A sensor is a device, which responds to an input quantity by generating a
functionally related output usually in the form of an electrical or optical signal.
A sensor's sensitivity indicates how much the sensor's output changes when the
measured quantity changes.
Soil moisture sensor:
Working Principle
Soil moisture sensors measure the water content in soil. All plants need water to
grow and survive. Soil moisture sensors used to determine how much water are
needed to irrigate the plants.
Humidity and Temperature Sensor (DHT11)
Humidity is the amount of water vapor in the air. Water vapor is the gaseous
state of water and is invisible.
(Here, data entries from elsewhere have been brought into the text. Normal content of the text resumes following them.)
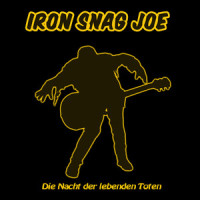 Die Nacht der lebenden Toten_Iron Snag Joe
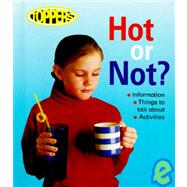Hot or Not by Baxter, Nicola; Evans, Michael, 9780516092676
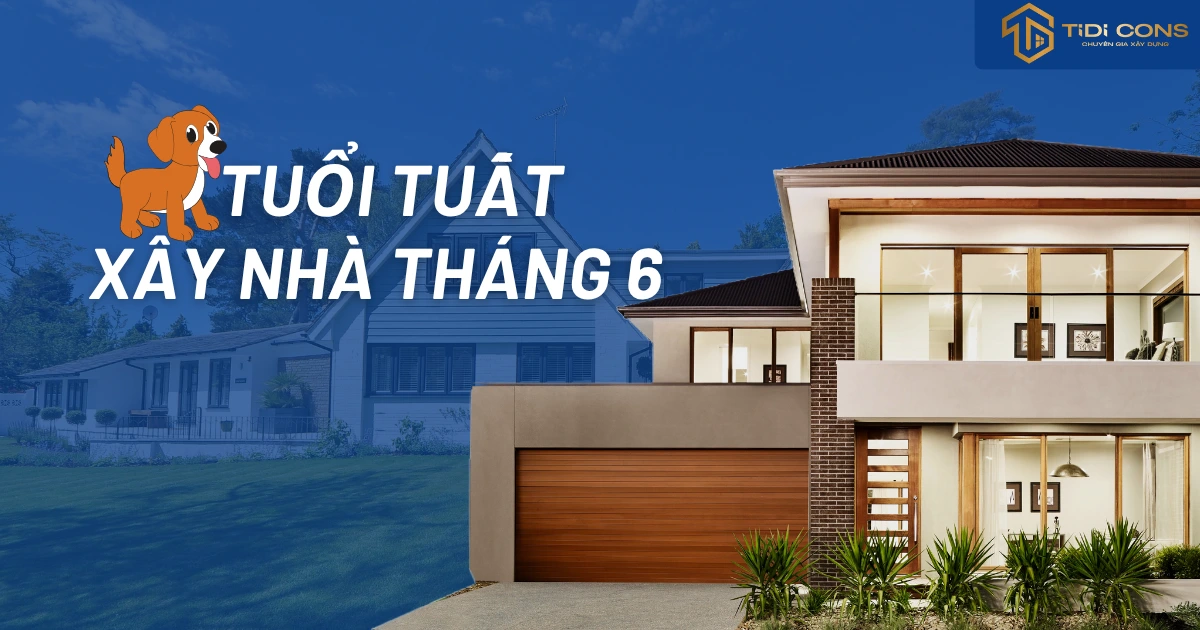 ngày tốt tháng 6 tuổi tuất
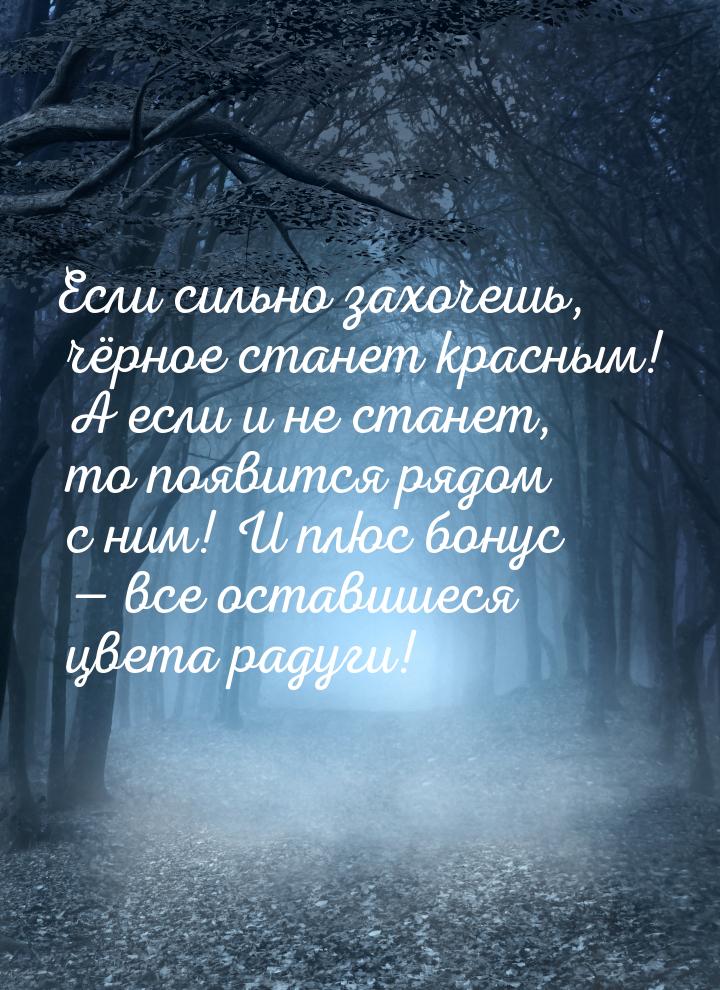 Если сильно захочешь, чёрное станет красным! А если и не станет, то появится рядом с ним! 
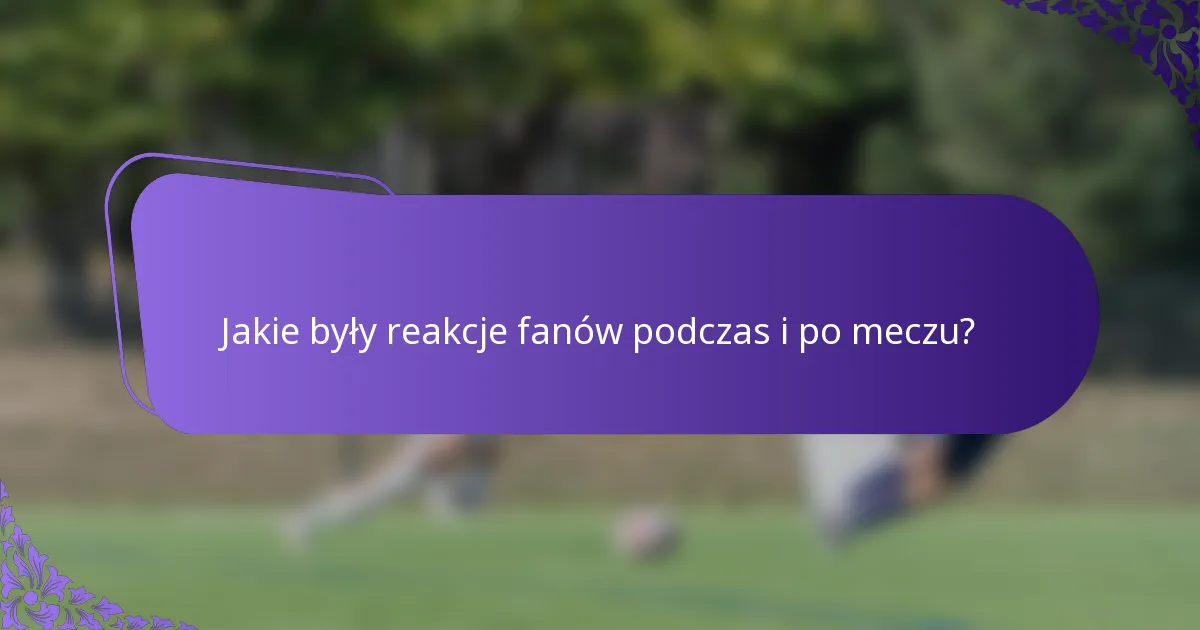 Jakie były reakcje fanów podczas i po meczu?
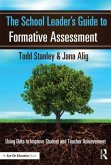 The School Leader's Guide to Formative Assessment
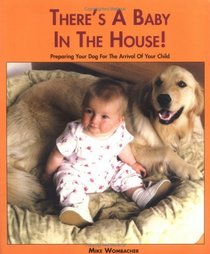 There's A Baby in the House: Preparing your Dog for the Arrival of your Child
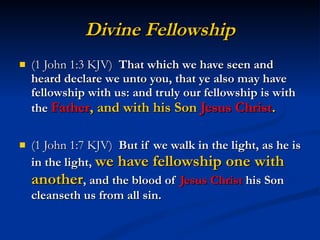 Divine Fellowship (1 John 1:3 KJV)  That which we have seen and heard declare we unto you, that ye also may have fellowship with us: and truly our fellowship is with the  Father , and with his Son  Jesus Christ . (1 John 1:7 KJV)  But if we walk in the light, as he is in the light,  we have fellowship one with another , and the blood of  Jesus Christ  his Son cleanseth us from all sin. 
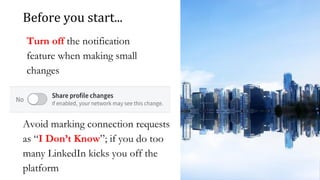 Before you start...
Avoid marking connection requests
as “I Don’t Know”; if you do too
many LinkedIn kicks you off the
platform
Turn off the notification
feature when making small
changes
 
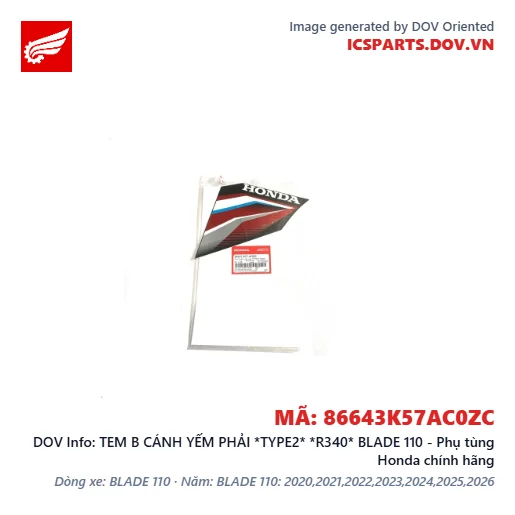 TEM B CÁNH YẾM PHẢI *TYPE2* *R340* BLADE 110 - Phụ tùng Honda chính hãng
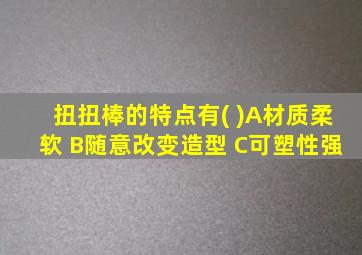 扭扭棒的特点有( )A材质柔软 B随意改变造型 C可塑性强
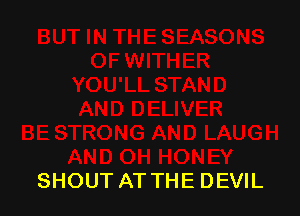 SHOUT AT THE DEVIL
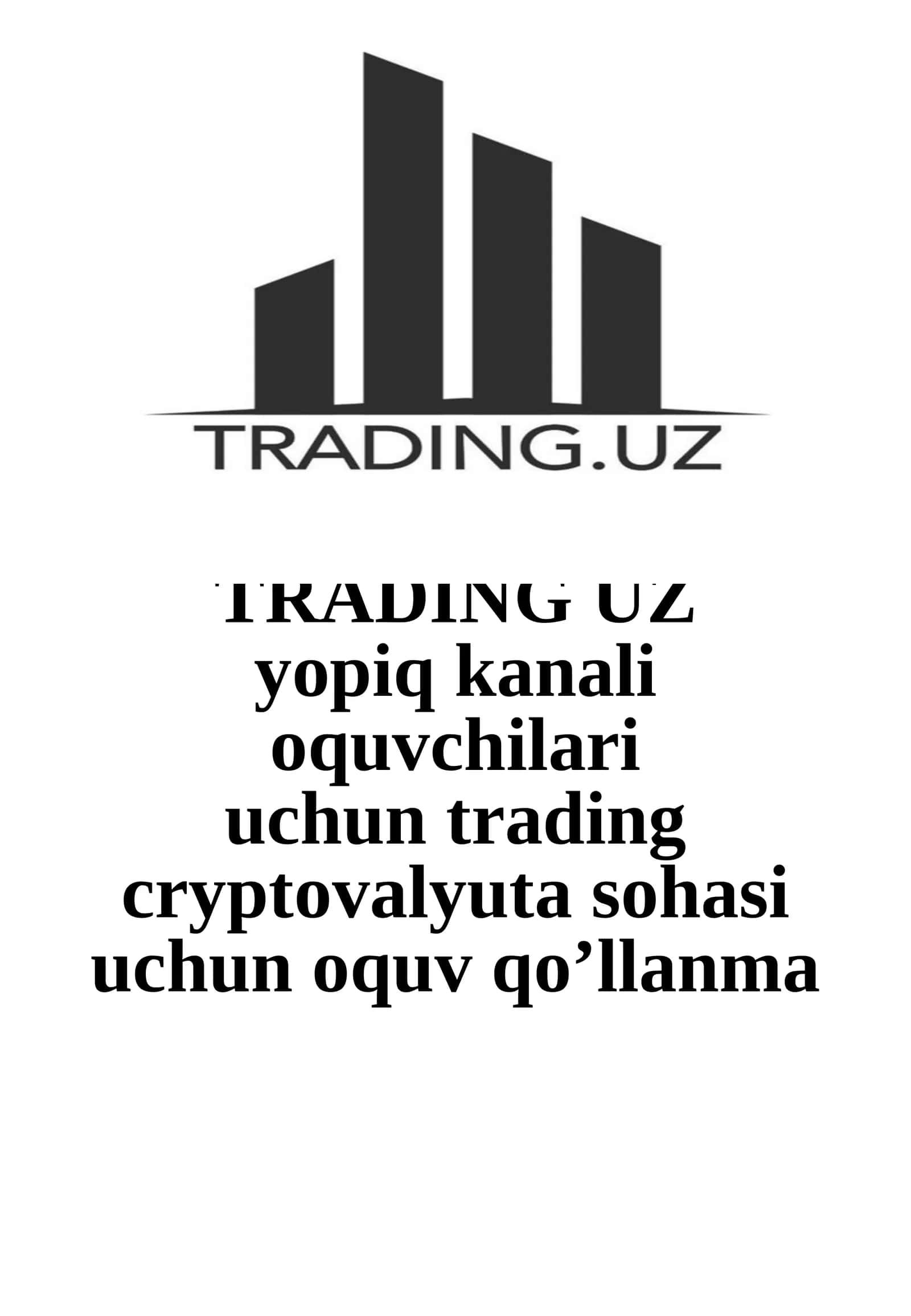 TRADING UZ yo’piq kanali o’quvchilari uchun trading crypto valyuta sohasi uchun o’quv qo’llanma 1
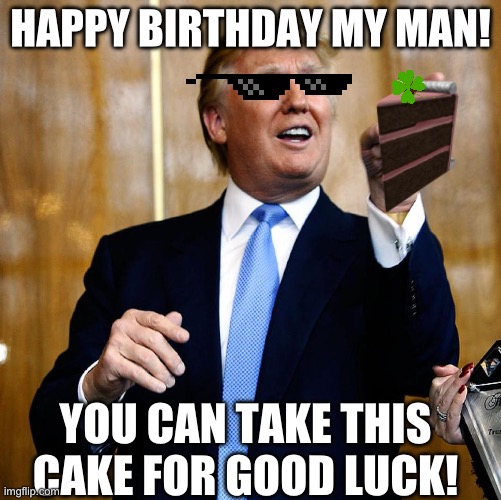 HAPPY BIRTHDAY MY MAN! YOU CAN TAKE THIS CAKE FOR GOOD LUCK! | image tagged in donal trump birthday | made w/ Imgflip meme maker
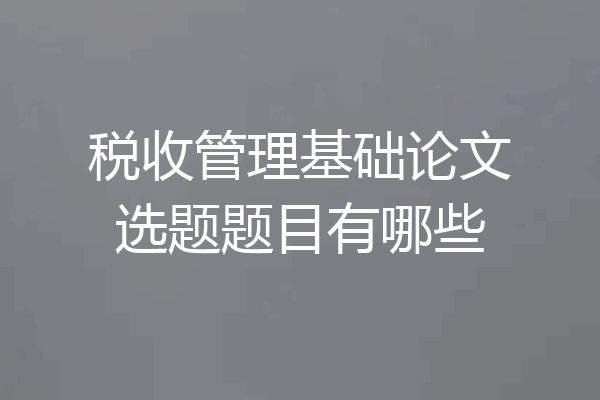 税收管理基础论文选题题目有哪些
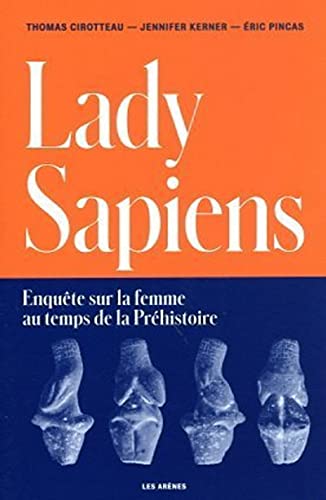 Lady Sapiens: Enquête sur la femme au temps de la Préhistoire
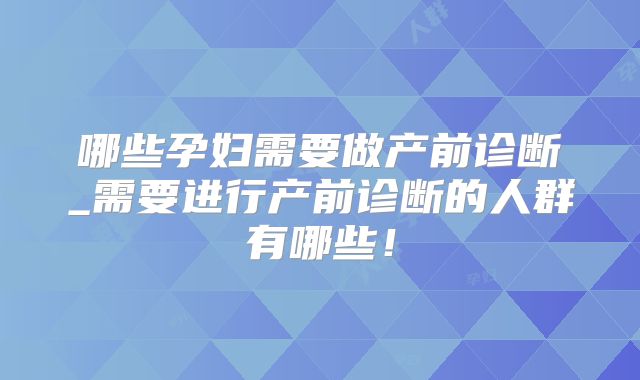 哪些孕妇需要做产前诊断_需要进行产前诊断的人群有哪些!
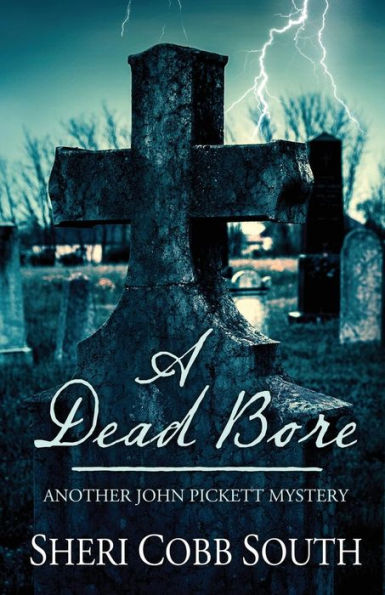 A Dead Bore: Another John Pickett mystery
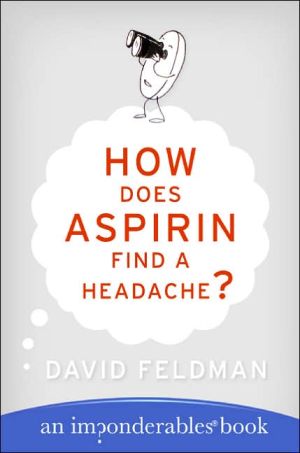 Book How Does Aspirin Find a Headache? (Imponderables Series) free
Humidity indicates the likelihood of
precipitation, dew, or fog.
Humidity sensors detect the relative humidity of the immediate environments in
which they are placed. They measure both the moisture and temperature in the
air and express relative humidity as a percentage of the ratio of moisture in the
air to the maximum amount that can be held in the air at the current
temperature. As air becomes hotter, it holds more moisture, so the relative
humidity changes with the temperature.
Most humidity sensors use capacitive measurement to determine the amount of
moisture in the air. This type of measurement relies on two electrical conductors
with a non-conductive polymer film laying between them to create an electrical
field between them. Moisture from the air collects on the film and causes
changes in the voltage levels between the two plates. This change is then
converted into a digital measurement of the air’s relative humidity after taking
the air temperature into account.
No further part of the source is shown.